▶ **THE DATA**:
=== Begin Enclosure ===

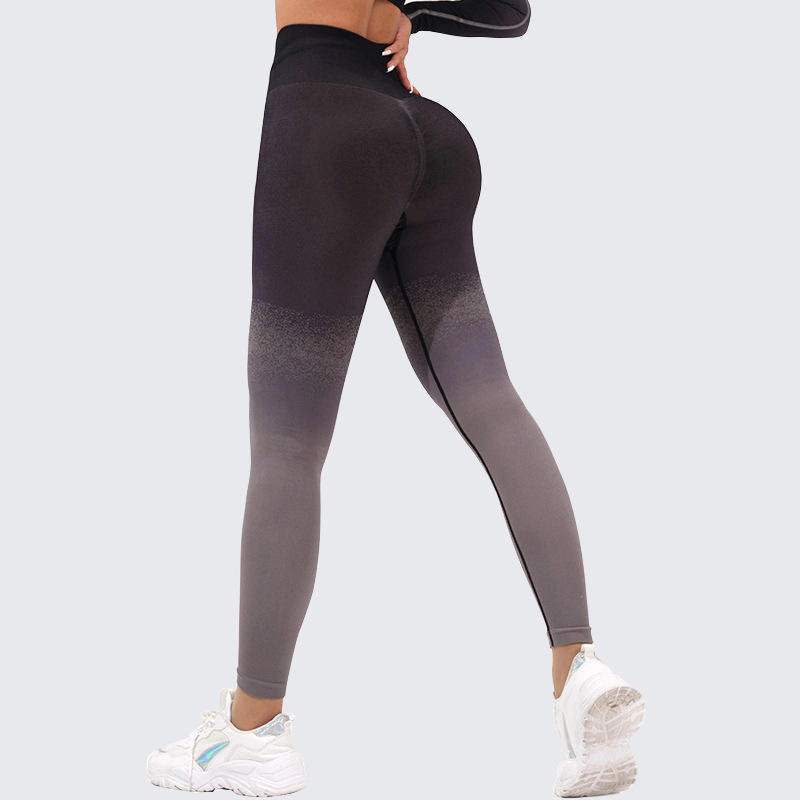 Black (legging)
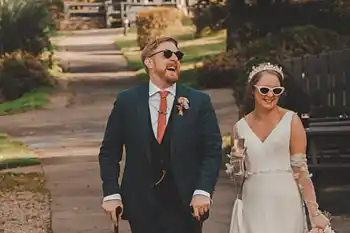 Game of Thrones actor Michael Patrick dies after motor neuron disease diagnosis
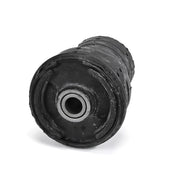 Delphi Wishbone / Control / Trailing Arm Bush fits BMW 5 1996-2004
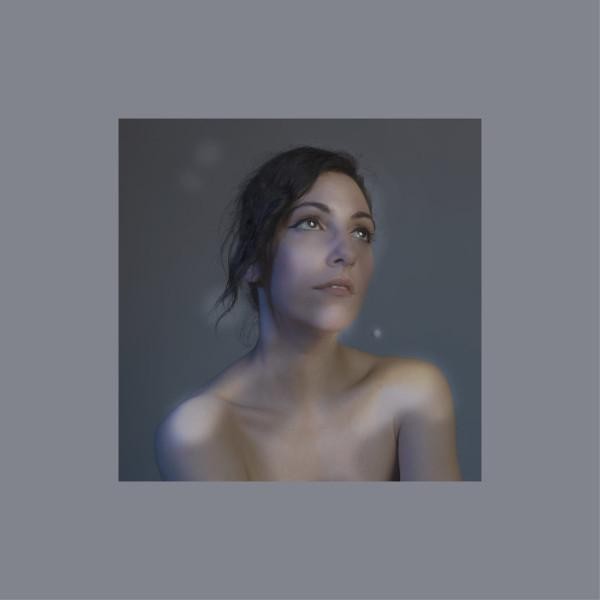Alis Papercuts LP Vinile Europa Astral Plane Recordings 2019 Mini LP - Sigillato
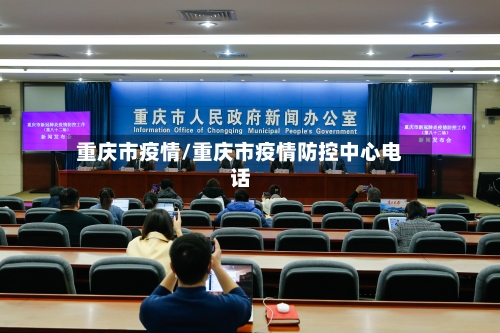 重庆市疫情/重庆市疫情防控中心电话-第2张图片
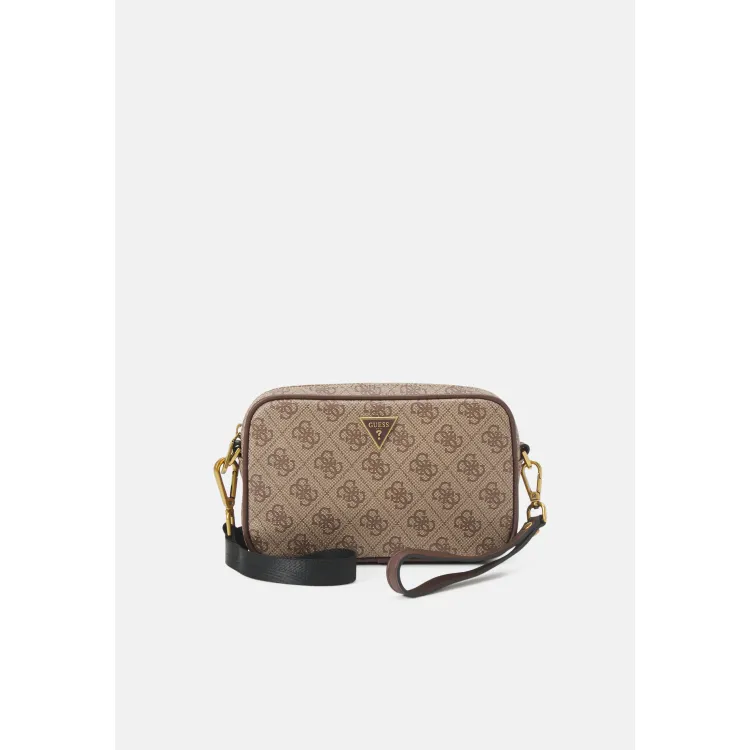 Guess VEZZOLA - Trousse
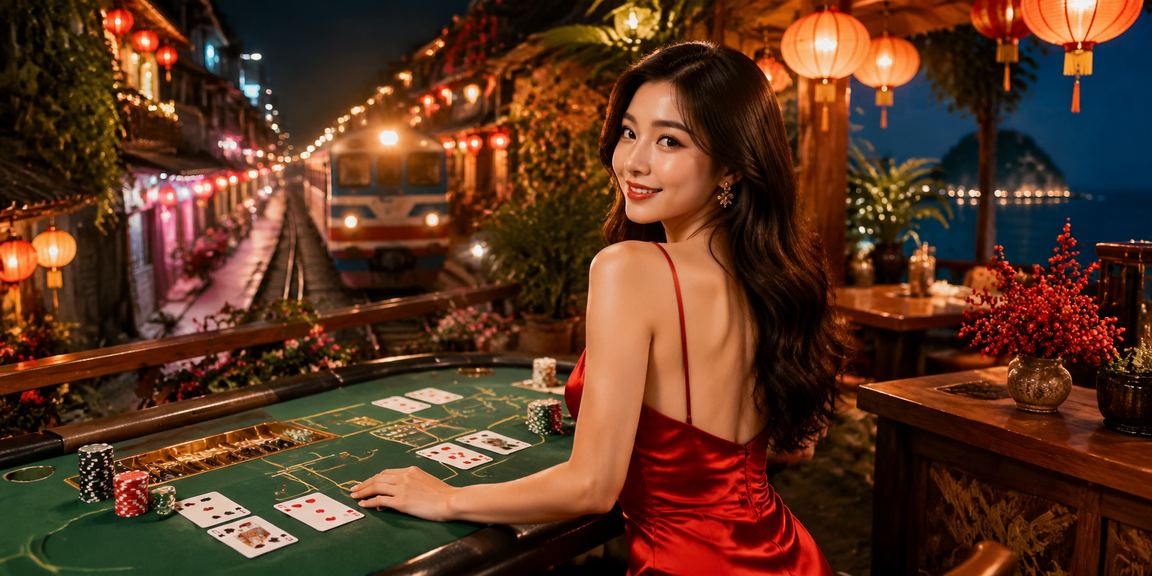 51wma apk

=== End Enclosure ===
=== Begin Enclosure ===

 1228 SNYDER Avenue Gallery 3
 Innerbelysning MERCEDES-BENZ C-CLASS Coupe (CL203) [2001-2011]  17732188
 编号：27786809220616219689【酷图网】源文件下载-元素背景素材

=== End Enclosure ===

Retype, in the same exact form, the lines of the material above from the line holding "1228 SNYDER Avenue Gallery 3" through the line holding "编号：27786809220".

▶ **ANSWER SECTION**:
 1228 SNYDER Avenue Gallery 3
 Innerbelysning MERCEDES-BENZ C-CLASS Coupe (CL203) [2001-2011]  17732188
 编号：27786809220616219689【酷图网】源文件下载-元素背景素材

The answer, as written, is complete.